つまり、一つ一つのものはすべてに存在の意味があり、しかも全てが異なっているのです。けれどわれわれ人間はともすれば他人と同じであることを好みます。同じであることによって一人ではないという安心感が得られるからです。特に日本人は横並び意識が強くて異なるものを排斥したがる傾向にあります。
でも思い出してみてください。われわれは元々は一つだったのです。神という概念など使わなくても、現代物理学では常識となっているビッグバン理論でさえ元は一つだったといっています。 元々が一つであったことを忘れ、他者との分離を刷り込まれることによって恐れや不安が生まれたのです。そして、その怖れや不安が違いを受け入れられなくしているのです。
逆にまったく同じであるならばどちらか一方は存在する必要がありません。神はまったく同じ経験を得る必要はないからです。寸分違わずまったく同じであるならば、どちらか一方があれば神にとってはそれで十分なのです。極端な言い方をするならば、違っているからこそ存在していられるのだと言っても良いくらいなのです。
そこで極めて大切となることは、違いを認め、受け入れていかに共存を図って行くかと言うことです。他人と違っていることに恐れや不安を感じる必要はありません。むしろ違いを排斥しようとすれば、いつか自分が排斥されることになるのだと言うことを人間は忘れるべきではないのだと思います。
(7) 二者択一
現世を生きて行く上で私たちは常に何らかの選択を迫られます。その選択方法の一つとして「二者択一」という選択方法があることは御存知のとおりですが、その選択方法が持つ落とし穴について書いておきたいと思います。
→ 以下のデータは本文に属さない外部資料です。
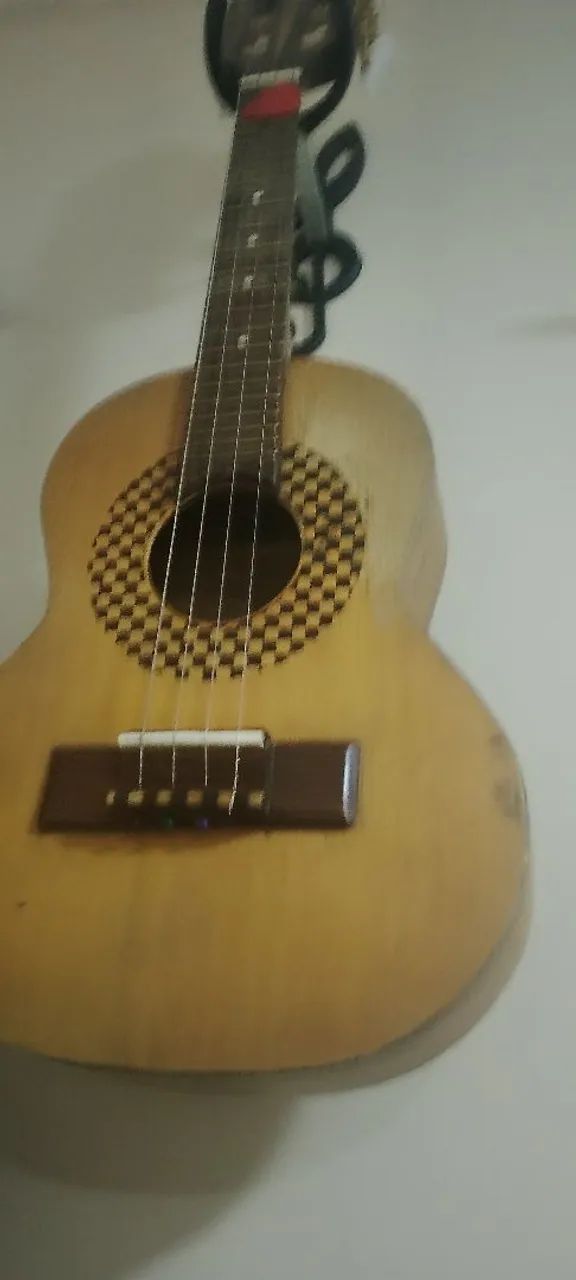 Cavaquinho antigo porém muito bom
「二者択一」という選択方法は、白か黒か、二つのうちの一つを選ぶということで、とてもシンプルで分かり易い選択方法だと思います。だから世の中の様々な局面であるいは日常生活の中でも頻繁に使われているのではないでしょうか。現代社会に欠くことのできないコンピューターも究極的には0か1かの世界であり、その影響もあるのかもしれません。
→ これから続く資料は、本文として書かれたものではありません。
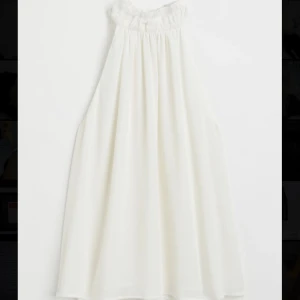 Halter neck top - Säljer denna vita halter neck top då den inte kommer till användning längre, använts 2-3 ggr och har inga synliga tecken på användning💓 passar till fest/middagar   Slutsåld på hemsidan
けれども人間が現世を生きて行く上での選択方法は「二者択一」だけなのでしょうか。どんな複雑な問題も厳密に分析してゆけば必ず「二者択一」になると言う考え方もあるでしょう。でも、ちょっと見方を変えてみるとどうなるでしょうか。当たり前のことかもしれませんが白と黒の間には無限と言っても良いだけのグレーがあるはずです。限りなく黒に近いグレーもあれば限りなく白に近いグレーもあるというのが現実の社会だと思います。
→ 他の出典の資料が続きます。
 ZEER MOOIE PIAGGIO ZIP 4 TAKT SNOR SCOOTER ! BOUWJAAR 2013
さらに言わせてもらうならば、色の3原色、光の3原色と言うこともあります。3つの色を適切な割合で混ぜ合わせればすべての色を表現できると言うことを学校で学んだと思います。絵の具では赤、黄、青であり、光では赤、緑、青です。そして3つの色を均等に混ぜ合わせると絵の具では黒になり、光では白になるのです。
この考え方から行けば白と黒の間にはグレイだけではなくすべての色も含まれているという見方も出来るのではないかと思うのです。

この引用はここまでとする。